Dataset scope is a recurring restriction. The credit-card study uses a small dataset from a single bank with 500 rows, 477 effective rows, and a 12-month horizon; it reports no external validation, no calibration metrics, and no fairness metrics. The Aave v2 study focuses on a specific protocol, excludes positions under 10 days, does not model realized liquidation transactions, and does not address Aave v3. The OCCR framework depends on identity-linking heuristics and sybil resistance that are explicitly described as limited by false positives, false negatives, privacy trade-offs, and intentional wallet segmentation (Arram et al., 2023, Wolf et al., 2022, Ghosh et al., 2024).

Model-form limitations also differ by line of work. IQNN-CS does not report head-to-head comparisons with classical baselines and shows training instability on the more complex dataset; fairness analyses are not included. Functional encryption constrains the model architecture to degree-2 polynomials, does not report model-utility metrics such as AUC or calibration, and still leaks output information despite protecting plaintext inputs. Liquid Scorecards optimize divergence rather than PD calibration and are sensitive to knot selection; the paper explicitly notes that percentile-based knots underperformed and that smoothness penalties were left for future work (Khan et al., 16 Oct 2025, Andolfo et al., 2021, Hoadley, 2020).

The DeFi vault literature emphasizes structural rather than sample-size limitations. Linear-impact and GBM-style latency approximations may fail in crisis; non-stationarity after upgrades requires immediate re-estimation; extreme tail data are scarce; and cross-protocol dependency can make Level 3 code risk dominate Level 1 credit risk. The curator-layer literature adds that RWA valuations and PDs may depend on off-chain attestations, cross-chain integrity assumptions vary by bridge and chain, oracle design can conceal losses, and black-box whitelisting or score distributions can affect access and systemic liquidity behavior (Zbandut et al., 19 Apr 2026, Zbandut et al., 12 Dec 2025).

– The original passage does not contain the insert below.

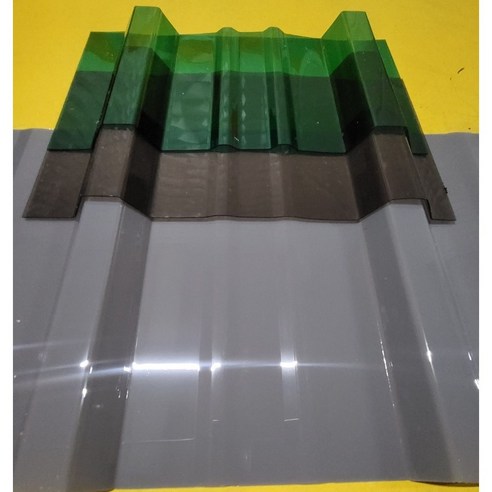 국산 PC판으로 만들어진 2000mm 크기의 반투명 렉산 골판 V250 1.2T 연스모그 폴리카보네이트 넥산 지붕 슬레이트 1개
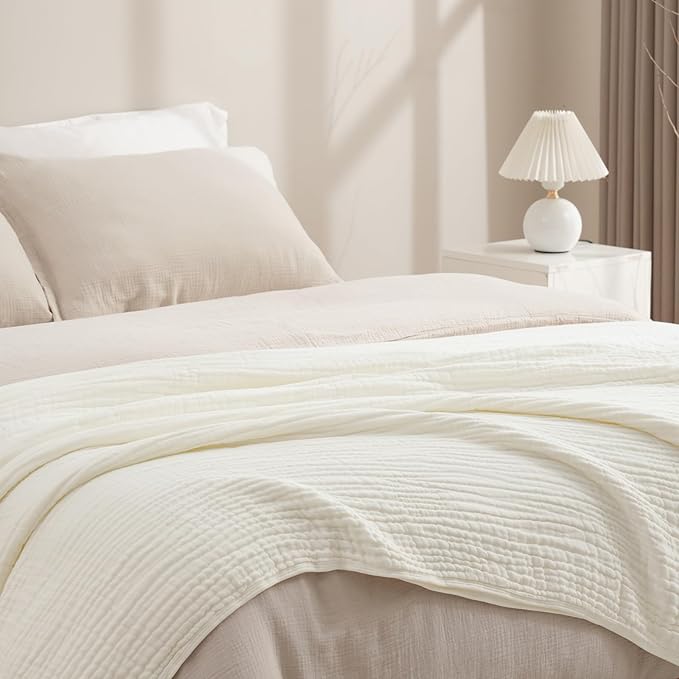 PHF Cooling Muslin Blanket Queen Size 90"x80", 6-Layer Lightweight Gauze Blanket Made from 35% Rayon Derived from Bamboo & 65% Cotton, Breathable & Ultra Soft Cozy, Aesthetic Home Decor, Snow White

Future work in the cited sources is correspondingly heterogeneous. Consumer-credit improvements include external validation, calibration, uncertainty quantification, larger multi-institution datasets, and temporal models such as RNNs, Temporal CNNs, or Transformers. OCCR suggests hazard modeling, scenario simulation, and better calibration. Functional-encryption work points toward public-key quadratic FE, batching, and hybrid FE+ZK or FE+TEE systems. IQNN-CS suggests broader robustness and governance validation. Liquid Scorecards suggest optimized knot selection, transformed characteristics, and quadratic smoothness penalties. For DeFi vaults and curators, the dominant future requirement is standardized, on-chain, machine-readable disclosure sufficient to make risk scores comparable and auditable across protocols and vault managers (Arram et al., 2023, Ghosh et al., 2024, Andolfo et al., 2021, Khan et al., 16 Oct 2025, Hoadley, 2020, Zbandut et al., 19 Apr 2026, Zbandut et al., 12 Dec 2025).